(Dataset entries Opens)

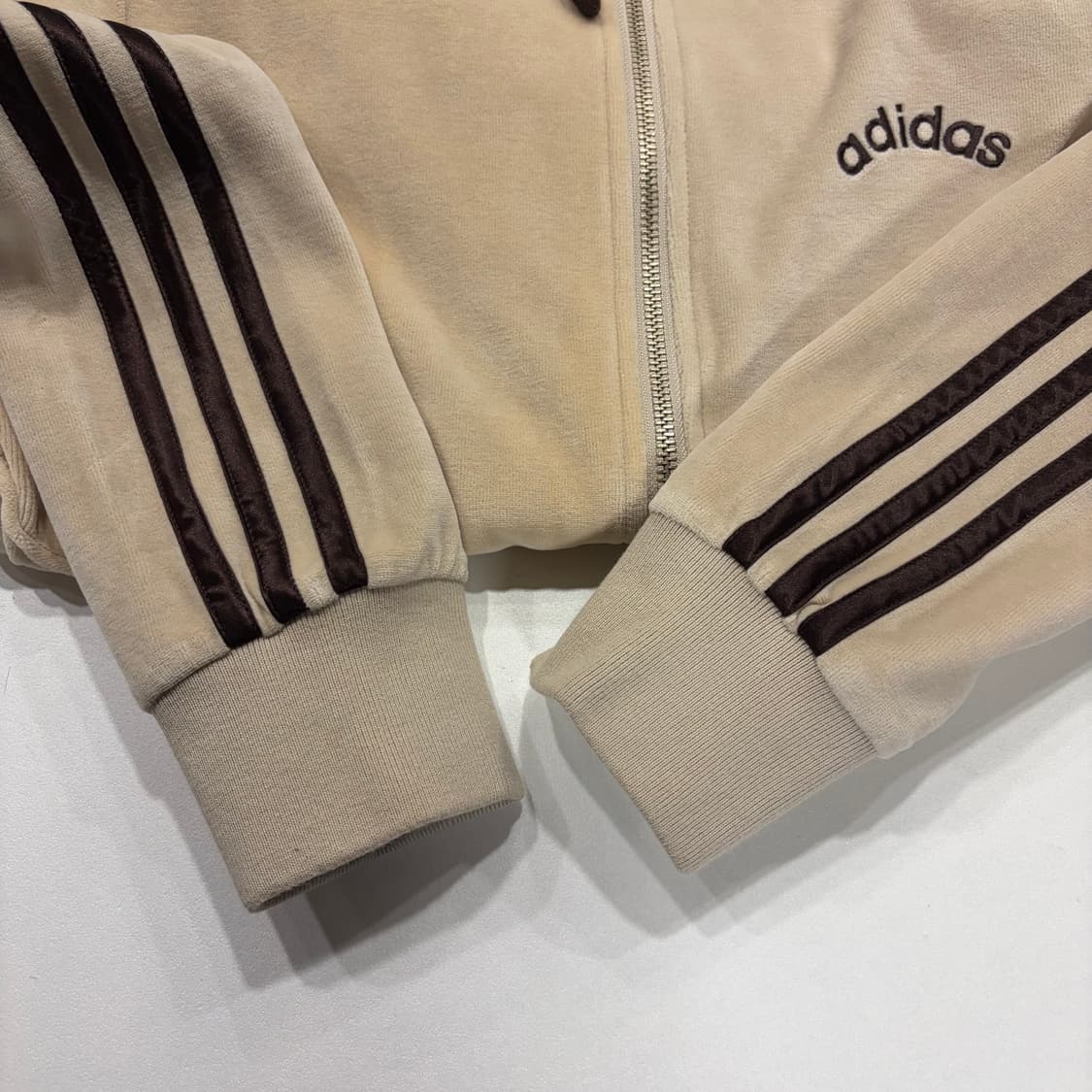 [95] 00s 아디다스 벨벳 후드 집업 코코아 베이지 B885 상품이미지7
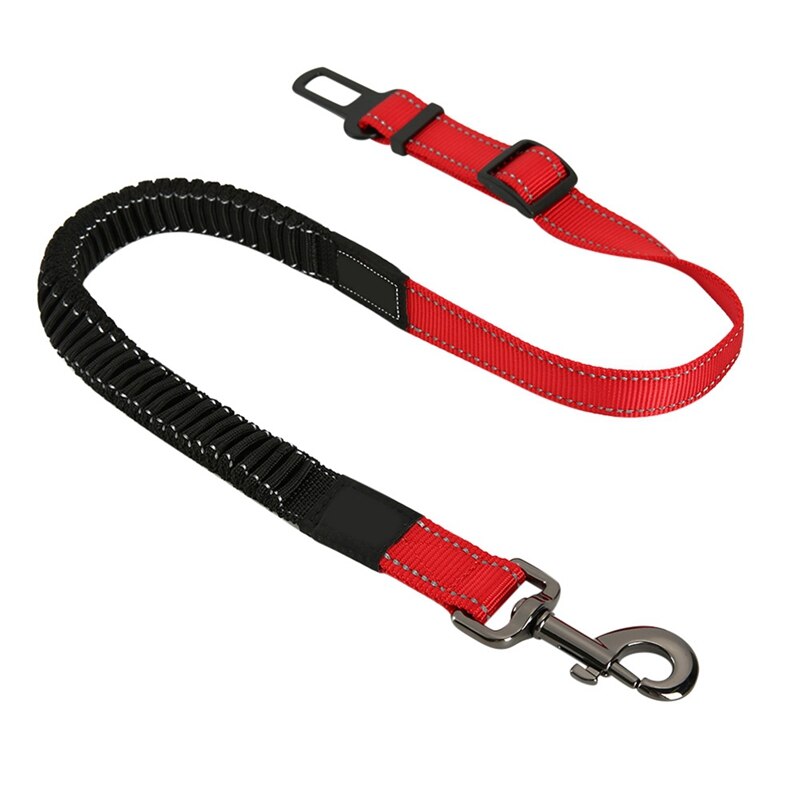 Verstelbare Nylon Huisdier Elastische Gordel Hond Autogordel Veilig Leads Buffer Stretch Leash Voor Midden Grote Huisdieren Hond leash: Rood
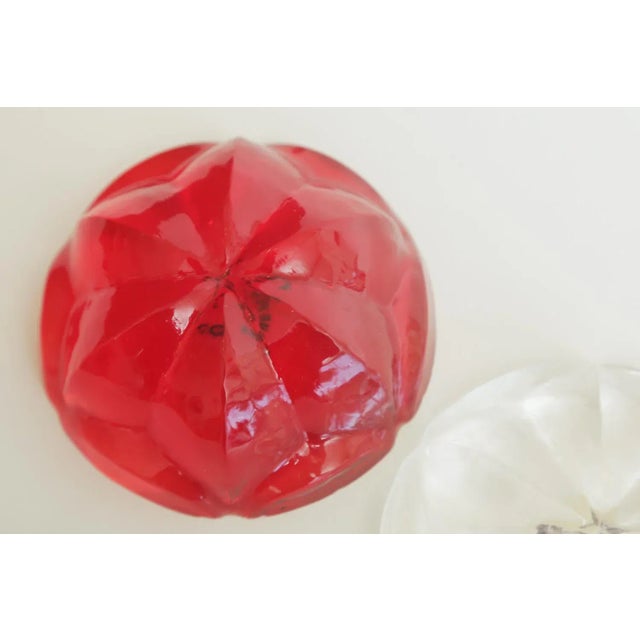 1990s Norman Mercer Lucite Flower Orb Red and Clear Paperweights Pair Of For Sale - Image 9 of 13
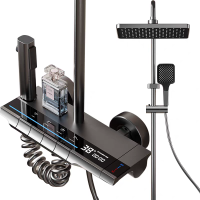 维纳斯4174数显淋浴花洒(两款小喷枪随机发货)套装淋雨浴家用枪灰色沐浴卫浴恒温明装浴室增压花晒喷头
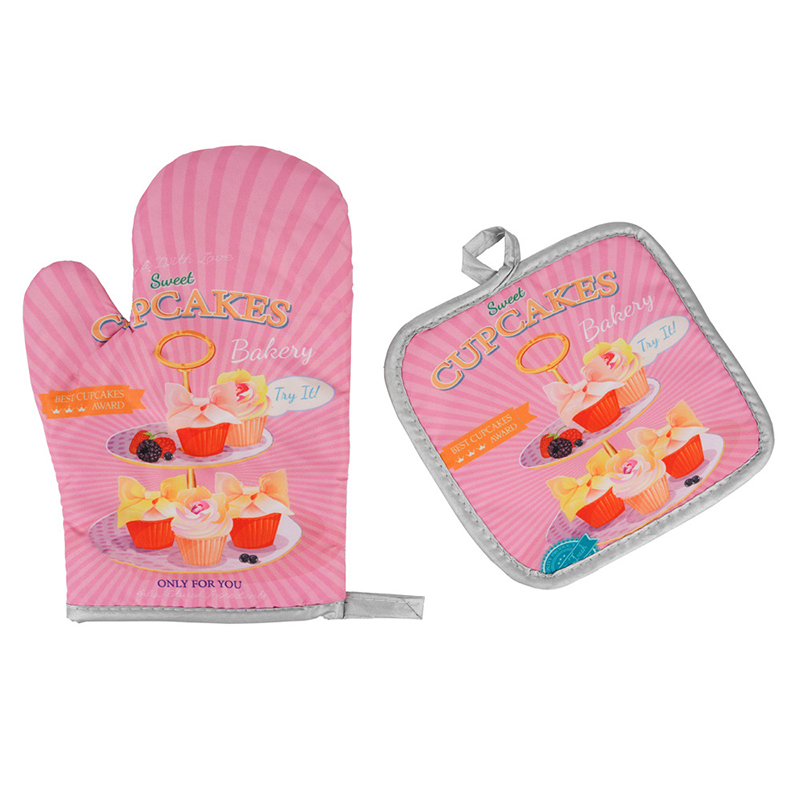 Mitaines de four Anti-chaleur, ensemble de 2 pièces, tapis de cuisson à la pour micro-ondes, cuisine nordique, isolation, pince à main, outils de cuisine: Z534-1
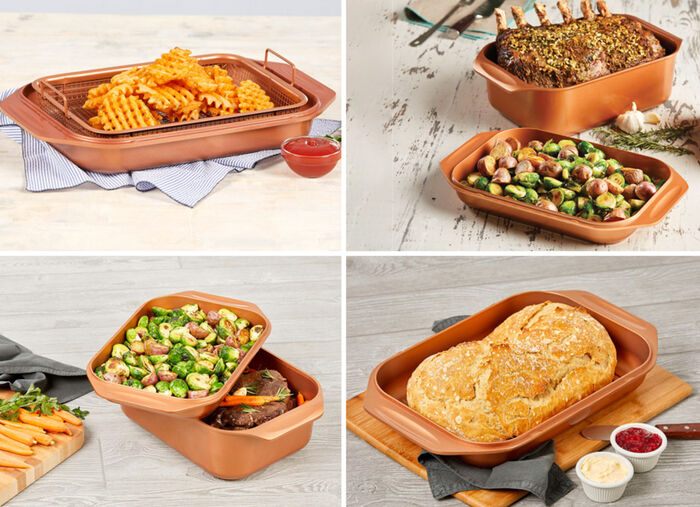 Livington Copperline WonderCooker inkl. Glasdeckel und Gittereinsatz, 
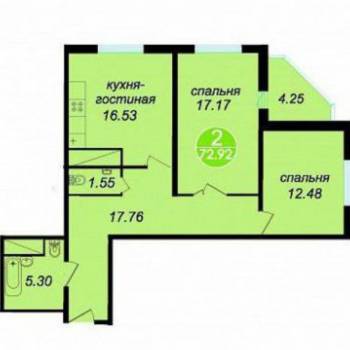 Продается 2-х комнатная квартира, 69,9 м²
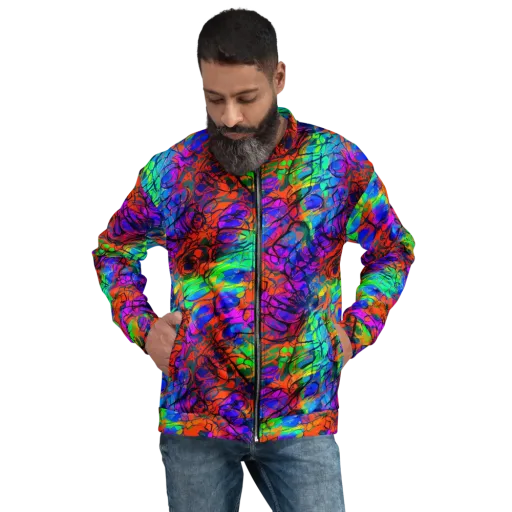 Fluorescent Reverie on a Bomber Jacket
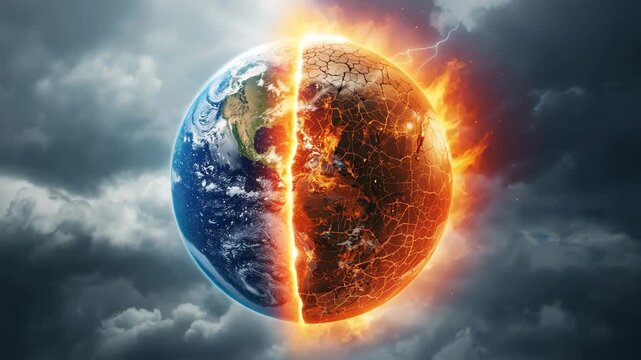 Earth divided in half, one side lush and green, the other burning and cracked, representing climate change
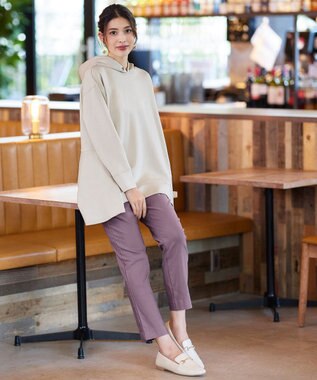 Tiaclasse 【洗える】裏起毛ストレッチテーパードパンツ パープル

(Dataset entries Closes)

— What the task asks —
Type out each line of the records above exactly, skipping any pictures.

— Task result —
 [95] 00s 아디다스 벨벳 후드 집업 코코아 베이지 B885 상품이미지7
 Verstelbare Nylon Huisdier Elastische Gordel Hond Autogordel Veilig Leads Buffer Stretch Leash Voor Midden Grote Huisdieren Hond leash: Rood
 1990s Norman Mercer Lucite Flower Orb Red and Clear Paperweights Pair Of For Sale - Image 9 of 13
 维纳斯4174数显淋浴花洒(两款小喷枪随机发货)套装淋雨浴家用枪灰色沐浴卫浴恒温明装浴室增压花晒喷头
 Mitaines de four Anti-chaleur, ensemble de 2 pièces, tapis de cuisson à la pour micro-ondes, cuisine nordique, isolation, pince à main, outils de cuisine: Z534-1
 Livington Copperline WonderCooker inkl. Glasdeckel und Gittereinsatz, 
 Продается 2-х комнатная квартира, 69,9 м²
 Fluorescent Reverie on a Bomber Jacket
 Earth divided in half, one side lush and green, the other burning and cracked, representing climate change
 Tiaclasse 【洗える】裏起毛ストレッチテーパードパンツ パープル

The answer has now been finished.